Your choices: keep things the same, or check the boxes of the new services you’d like to see offered: organics for example. Once the survey is filled out, simply reattach it to your recycling tote bin for pickup on the next recycling day.

“The results of the survey will be used to inform CVRD staff and board of directors of the curbside collection preferences of residents in these areas,” said CVRD waste management manager Tauseef Waraich in a press release.

Not all electoral areas are serviced the same.

Areas A, B, C, and H only have their recycling picked up by the CVRD. Garbage has been contracted out.

Areas D, E, F, G, and I receive recycling and garbage collection from the CVRD.

Some homes don’t get any pick-up at all.

“There are currently 5,000 homes in the electoral areas that do not have bylaw-mandated garbage collection, which sees residents self-managing approximately 1,500 tonnes of garbage annually,” Waraich said. “Implementing a bylaw-mandated garbage collection service could see lower incidences of illegal dumping and burning of garbage.”

Multi-Material BC recently began providing funding to the CVRD to support the curbside recycling collection program.

Jason Adair, the CVRD’s solid waste operations superintendent believes now is an “opportune time” for residents to consider adding garbage and organics collection to their curbside services.

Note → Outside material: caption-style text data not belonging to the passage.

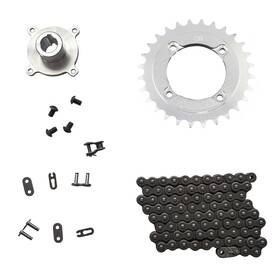 Spi 03512-03509-03513-28yam Quick Change Drive Hub Chain And 28t Sprocket Kit For Yamaha Srx120 2013-2018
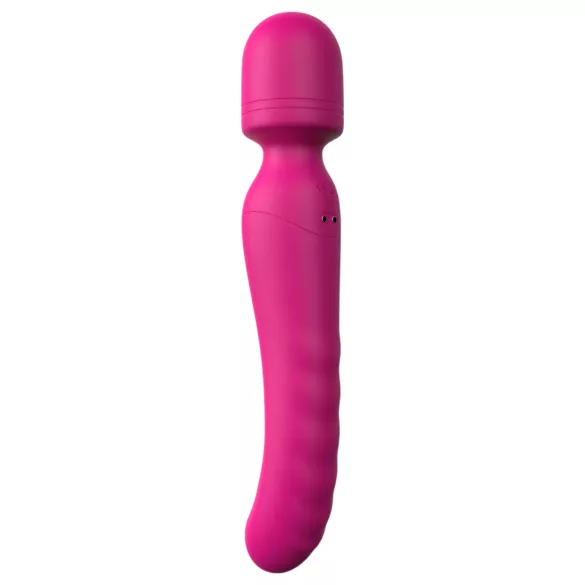 Vibes of Love - masažni vibrator z gretjem in baterijo - roza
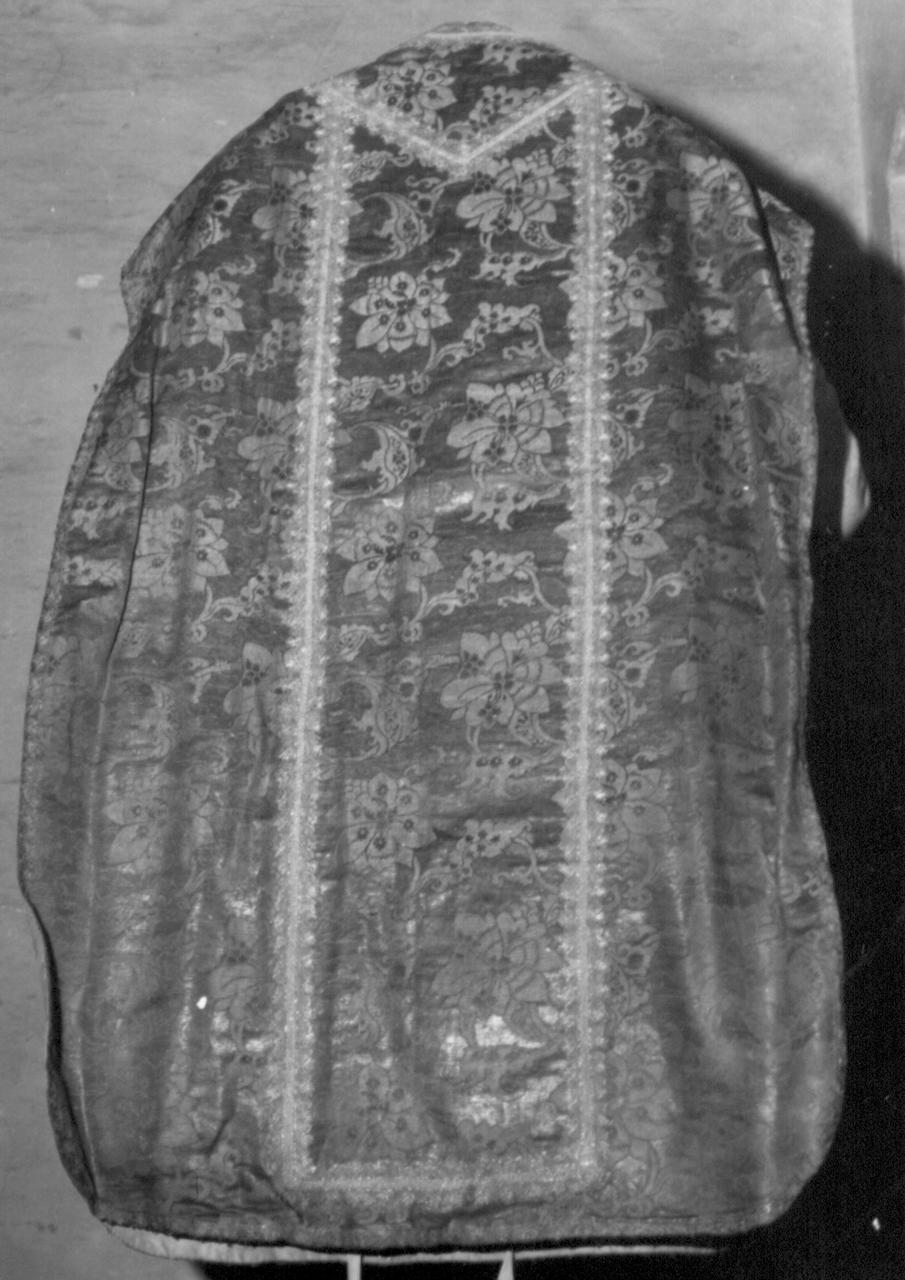 paramento liturgico - manifattura italiana (inizio sec. XIX)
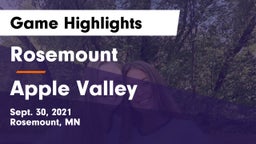Rosemount  vs Apple Valley  Game Highlights - Sept. 30, 2021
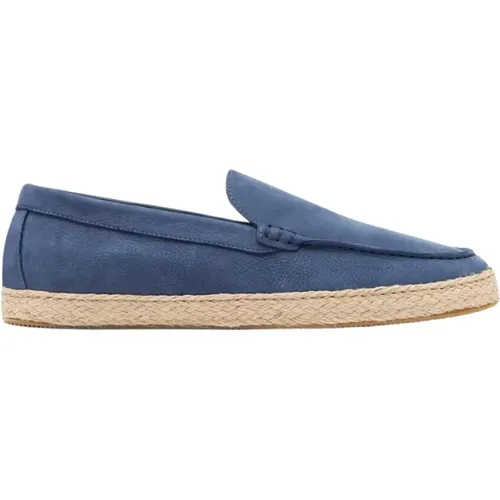 Blaue Nubuk Espadrille Loafers , Herren, Größe: 40 EU - Scarosso - Modalova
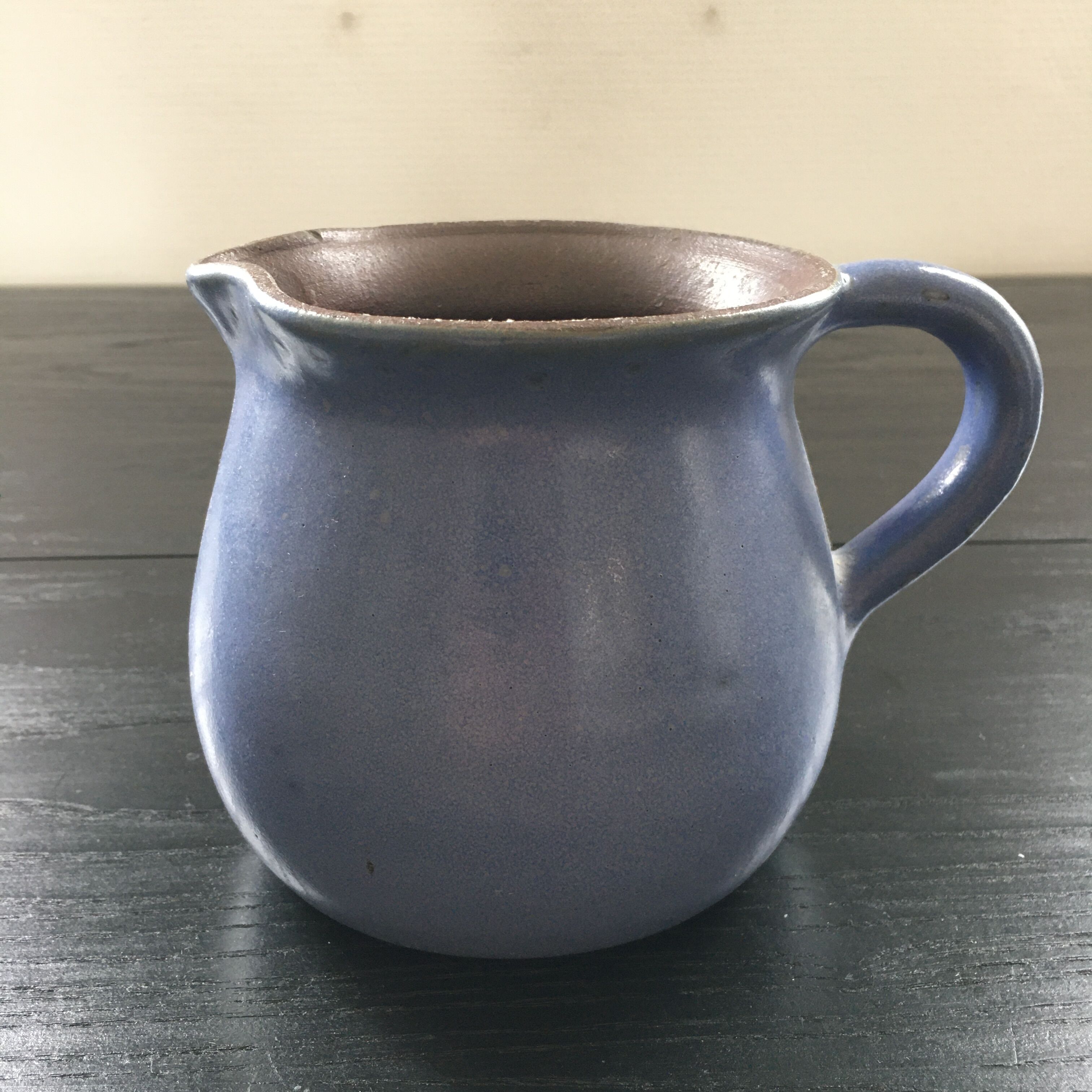 Blue stoneware jug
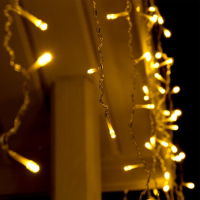 Гирлянда &laquo;Бахрома&raquo; 3 &times; 0.9 м, IP44, УМС, прозрачная нить, 232 LED, свечение тёплое белое, 220 В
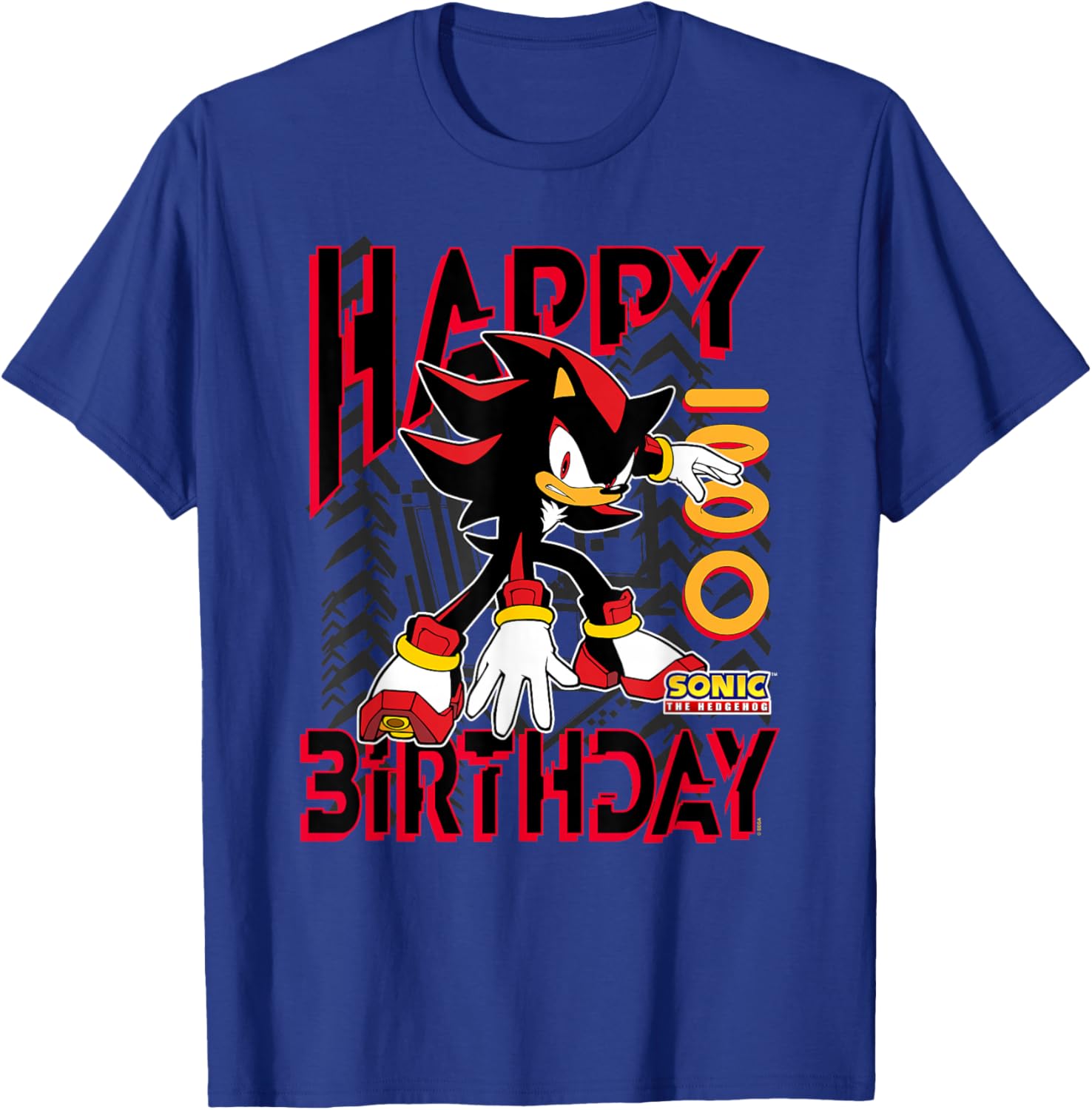 Sonic The Hedgehog Shadow Grid Birthday Poster T-Shirt for Fans - 2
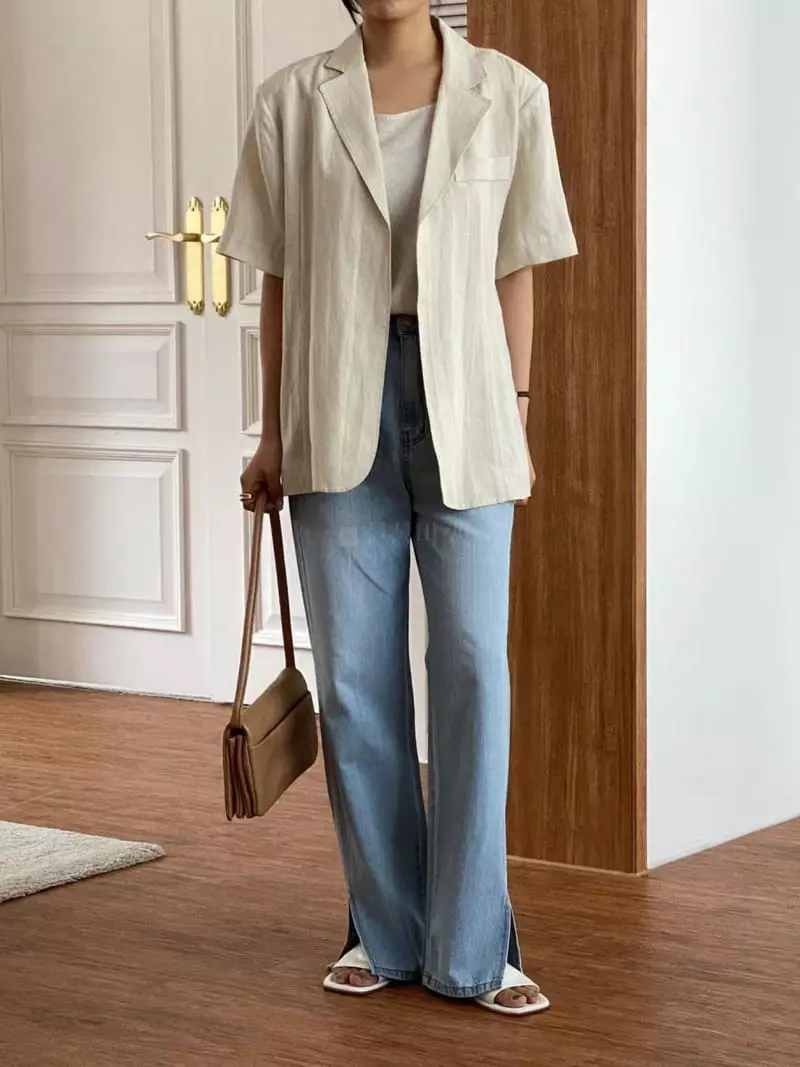Binus - Korean Women Fashion - #womensfashion - Pintuck Jacket - 4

A 2015 waste composition study found that in the 13,000 homes in CVRD electoral areas where organics are not collected at the curbside, compostable food waste material made up 36 per cent of the total garbage.

“The CVRD currently ships 19,000 tonnes of garbage annually to a landfill in the United States. The introduction of organics pick-up would divert up to 1,300 tonnes of waste from the landfill and reduce the amount of landfill-produced methane,” Adair said. “It would also give us the opportunity to turn that food waste into compost locally and stop it from making the long journey to Washington State.”

The surveys will be conducted one electoral area at a time beginning with Area H.

After the survey has been conducted, an open house event will be held in each area to provide residents with an opportunity to discuss their curbside collection program and the proposed changes.

New programs could be launched as early as 2016.